The Navy's decision last month to unload a closed Marine air base in Orange County, Calif., apparently ends hope for a $3-billion commercial airport on the site and further clouds the airport planning picture in fast-growing Southern California.

Jay Berkowitz/LAWA
Ontario airport serves 6.7 million people a year and could handle a greater load.

The Navy disclosed April 23 that it will sell the 4,700-acre former El Toro Marine Corps Air Station or turn it over to a local government. The news was expected after Orange County voters on March 5 passed an anti-airport measure and defeated a pro-airport county supervisor. The two votes "basically killed the airport," says Gary Simon, El Toro Local Redevelopment Authority executive director.

The airport's disappearance ends a $50-million, decade-long planning process and puts more pressure on a regional system projected to serve 167 million passengers annually by 2025. "The door on El Toro is now closed," Simon says. "We have got to somewhere, some way, build new runways in Southern California."

"There is absolutely no engineering or planning challenge [to airport expansion]; it is a political challenge," contends Hasan Ikhrata, director of transportation planning for the Southern California Association of Governments, a Los Angeles-based planning agency.

"These large, complex, controversial infrastructure projects are extraordinarily difficult to implement," Simon concurs.
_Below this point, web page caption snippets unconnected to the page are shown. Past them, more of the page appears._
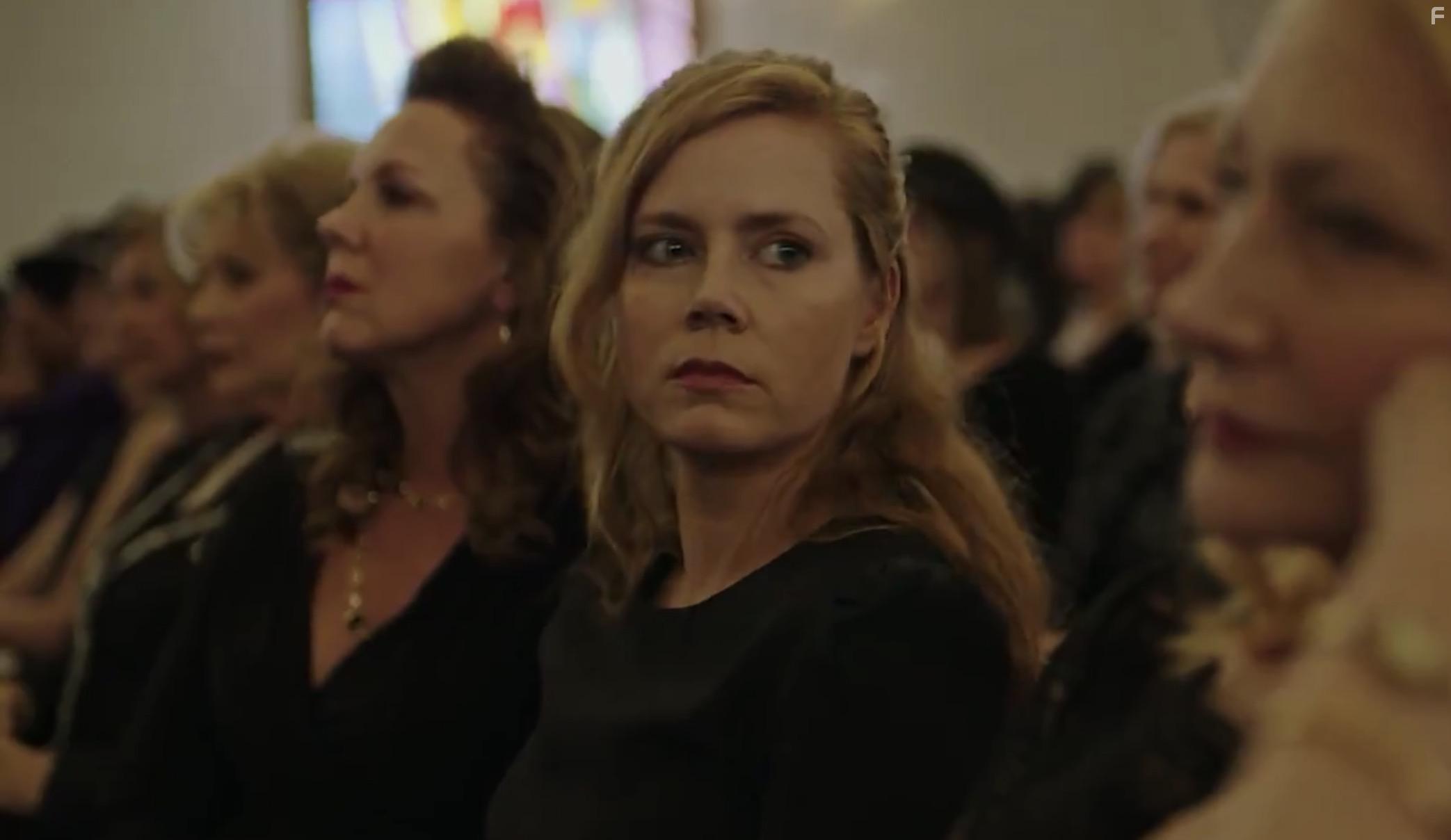 Elizabeth Perkins, Amy Adams, and Patricia Clarkson in Sharp Objects (2018)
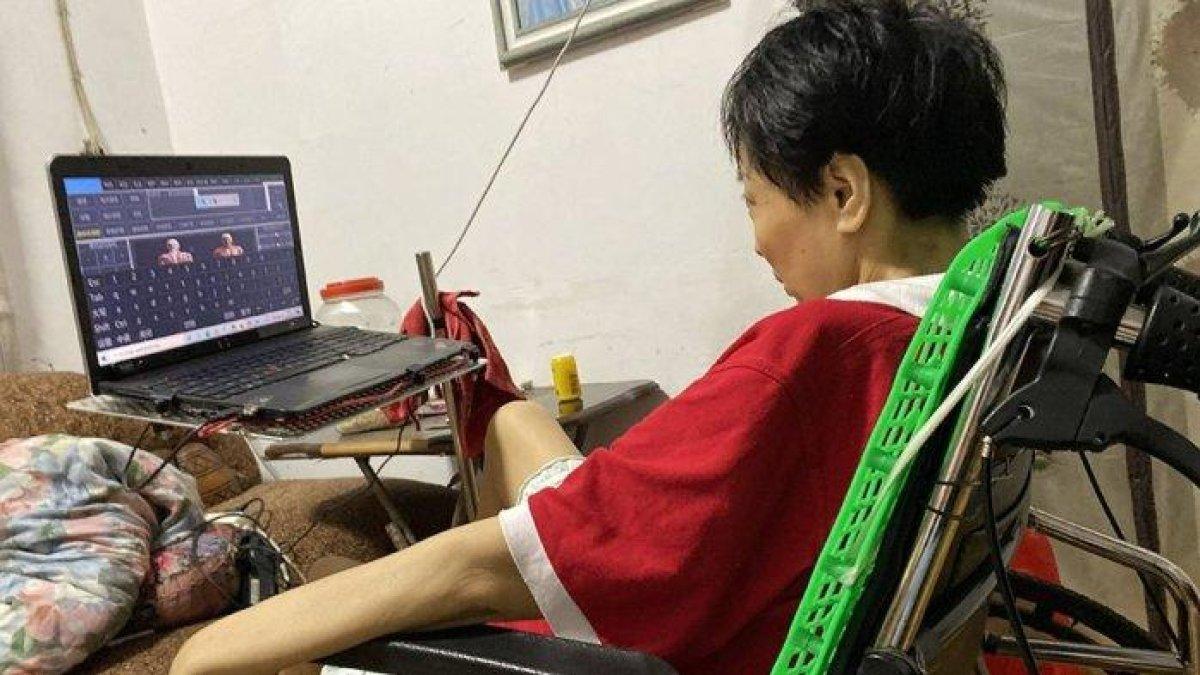 Li Xiaozhong hanya bisa duduk di kursi roda. Derita penyakit yang tidak bisa disembuhkan, seorang wanita di China lebih memilih untuk mati. Ia bahkan membayar seseorang untuk mengakhiri hidupnya.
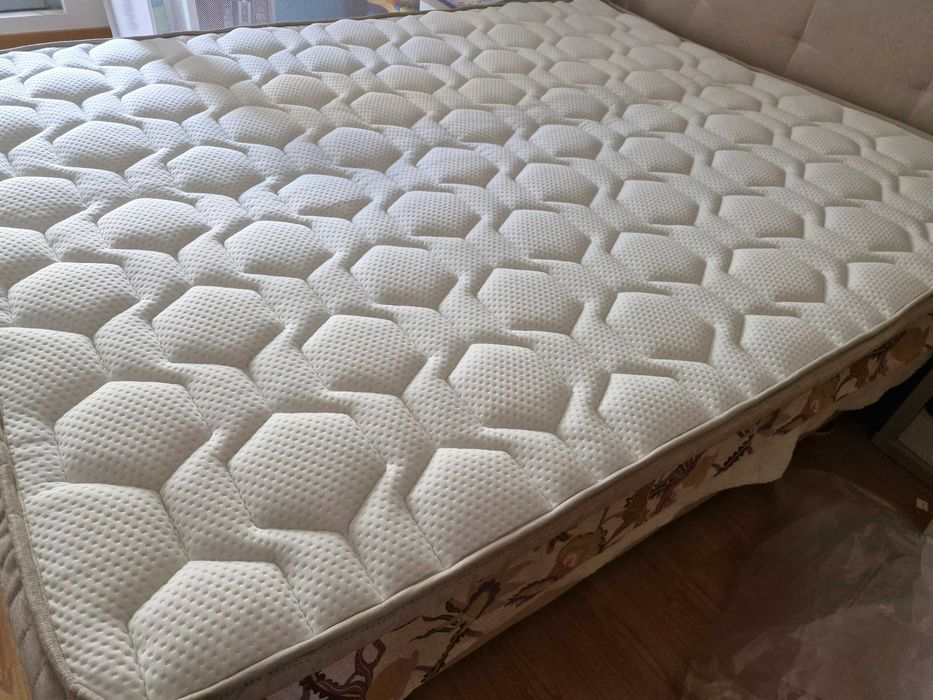 Sobrecolchão/Topper 200x150cm Viscoelástico Leafsleep NOVO €70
Caps on passenger growth at many airports will restrict expansion, Los Angeles airport officials note. Regional workhorse Los Angeles International Airport may no longer be able to pick up the slack. In October, Los Angeles Mayor James K. Hahn (D) said he is seeking a scaled-back alternative to the $12-billion expansion backed by his predecessor, former Mayor Richard J. Riordan.

Los Angeles is counting on its two smaller airports to help ease the load. The local office of HNTB Corp. is developing a $3.9-million master plan for Ontario International Airport in eastern L.A. County, where a $270-million terminal opened in 1998. Ontario handles 6.7 million passengers annually, well below its 10-million-passenger capacity. Palmdale also is expected to grow.